Copy given .rb files to /lib
directory, then
require 'ms_doc_file'
doc = MsDocFile.new 'document.doc'
print doc.text
puts doc.formfields.inspect
#... and so on ...
Just copy it wherever you want, require 'ms_doc_file'
, instantiate MsDocFile class with .doc filename, and voilla!
Provided as is, w/o any guarantee and support. Feel free to fork, submit bugs and your thoughts, maybe with your help it will spawn into something more useful...
It works. Sometimes... Rather yes than no...
- Not thoroughly tested, not very optimized
- Coding style is appaling, ekhm, there's no coding style at all.... it's a Picasso of code...
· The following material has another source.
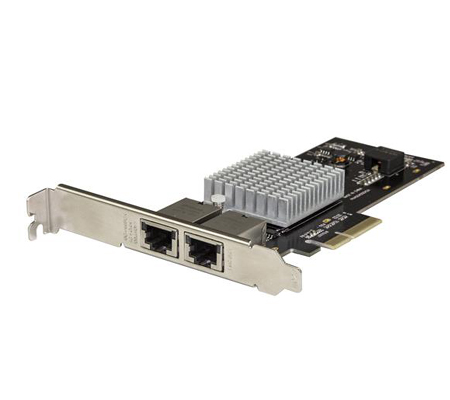 ST10GPEXNDPI | StarTech 2-port PCIe 10gbase-t / Nbase-t Ethernet Network Card - - NEW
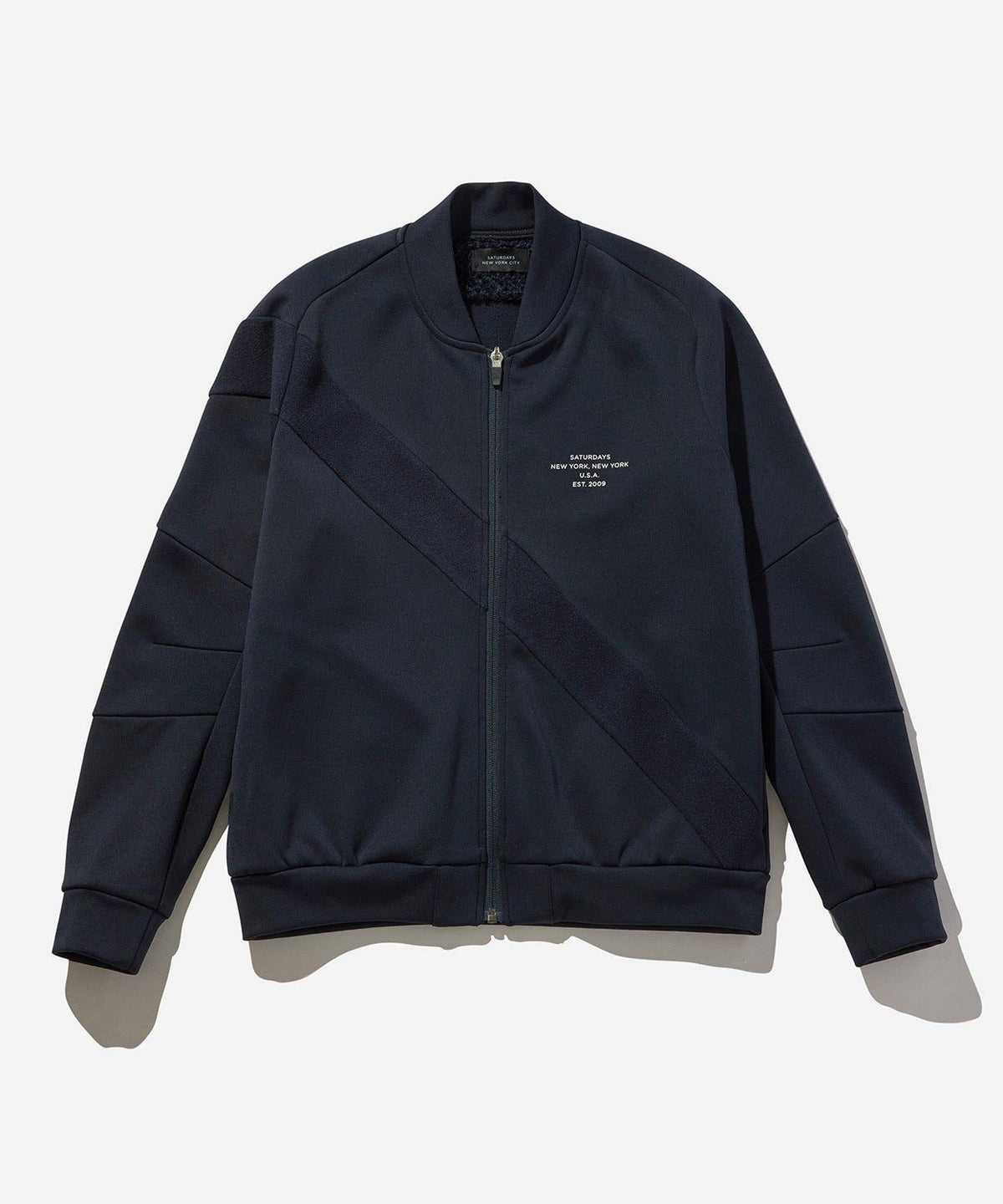 W/Slash Sweat Jacket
- Lib is assuming that fCompressed pieces of document is using ISO-8859-2 encoding, not taking LID (localeID) into account...
- Code is highly not-documented and not-commented
- Yes, some parts of code is very similar to doc2x (b2xtranslator of Dialogika), especially considering FormFieldData structures Great library in C#, indeed!
- Gem? Maybe someday, if I'll learn how to create gem & maintain it...
- Tables
- Access to paragraphs
- Access to character properties (really necessary?)